Reached for comment, a Google spokesperson said the claims of market manipulation were a mischaracterization of a simple product feature. “This was entirely implemented by Google Ads for buyers, using the kinds of data and strategies that are available to any buyer participating in an Ad Exchange auction,” the company said. “Like many other businesses in this highly competitive field, we constantly work to improve our products and compete more effectively.”
Often overlooked in favor of splashier sidelines, online ad markets have long been the core of Google’s business. In its most recent quarterly earnings, the company reported more than $44 billion in advertising revenue, making up more than 80 percent of the company’s overall revenue.
Digital ad exchanges would be a new target for the CFTC, which has conventionally dealt with commodity trading and (more recently) cryptocurrency. But Warren argues that digital ads fall within the statutory definition of a commodity, and that CFTC regulation of the markets would not preempt other agencies from taking action. If the commission takes up Warren’s call to action, it would be a significant expansion of its powers — and a significant new headache for Google.
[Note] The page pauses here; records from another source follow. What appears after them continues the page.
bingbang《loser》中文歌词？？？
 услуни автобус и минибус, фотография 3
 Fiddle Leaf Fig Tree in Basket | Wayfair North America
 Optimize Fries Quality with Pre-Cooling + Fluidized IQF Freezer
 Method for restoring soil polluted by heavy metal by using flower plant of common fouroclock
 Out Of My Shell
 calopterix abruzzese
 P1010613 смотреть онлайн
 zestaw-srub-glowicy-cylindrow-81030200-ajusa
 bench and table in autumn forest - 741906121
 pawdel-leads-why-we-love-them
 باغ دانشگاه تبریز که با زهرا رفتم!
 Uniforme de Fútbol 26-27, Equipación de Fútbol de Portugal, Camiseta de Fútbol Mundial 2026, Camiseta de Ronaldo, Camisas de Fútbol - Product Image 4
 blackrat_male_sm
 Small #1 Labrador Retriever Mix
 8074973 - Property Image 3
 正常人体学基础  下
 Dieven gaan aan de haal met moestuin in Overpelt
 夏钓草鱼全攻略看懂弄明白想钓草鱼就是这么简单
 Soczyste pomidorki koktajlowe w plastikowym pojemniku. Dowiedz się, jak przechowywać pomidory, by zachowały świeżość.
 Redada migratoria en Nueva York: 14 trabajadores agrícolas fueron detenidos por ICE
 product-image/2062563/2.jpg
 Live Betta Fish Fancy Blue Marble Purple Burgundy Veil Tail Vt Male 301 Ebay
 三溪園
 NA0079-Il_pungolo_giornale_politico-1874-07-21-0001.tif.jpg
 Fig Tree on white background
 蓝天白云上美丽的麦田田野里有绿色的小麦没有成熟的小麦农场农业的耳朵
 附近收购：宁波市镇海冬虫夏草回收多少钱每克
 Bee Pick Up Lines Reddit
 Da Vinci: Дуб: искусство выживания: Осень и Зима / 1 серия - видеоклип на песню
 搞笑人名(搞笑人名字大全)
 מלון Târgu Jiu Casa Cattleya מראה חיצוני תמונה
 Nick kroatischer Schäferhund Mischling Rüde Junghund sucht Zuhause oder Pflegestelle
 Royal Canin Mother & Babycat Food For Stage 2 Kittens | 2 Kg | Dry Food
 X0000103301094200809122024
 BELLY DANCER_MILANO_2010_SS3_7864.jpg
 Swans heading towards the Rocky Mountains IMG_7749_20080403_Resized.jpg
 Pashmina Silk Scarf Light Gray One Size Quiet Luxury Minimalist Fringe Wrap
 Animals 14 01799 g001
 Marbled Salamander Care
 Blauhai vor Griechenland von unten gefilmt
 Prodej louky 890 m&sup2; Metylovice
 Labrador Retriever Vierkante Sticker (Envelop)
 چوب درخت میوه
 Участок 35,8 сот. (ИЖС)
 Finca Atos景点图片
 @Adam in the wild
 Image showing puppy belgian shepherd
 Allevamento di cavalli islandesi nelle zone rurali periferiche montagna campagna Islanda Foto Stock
“Like high-frequency traders, ad exchanges provide in real time a platform for the sale of ad inventory each time a web page loads,” Warren writes. “Tens of billions of digital ads are traded on ad exchanges every day in the US. The market for digital advertising has become perhaps the most actively traded commodity exchange in the world.”
The letter comes at an uncertain time for the CFTC, which is still awaiting new leadership from the Biden administration. Georgetown professor and former CFTC commissioner Chris Brummer has been suggested as a frontrunner to lead the agency. But Brummer has yet to face Senate confirmation, where Sen. Warren’s hopes for the agency could be addressed directly.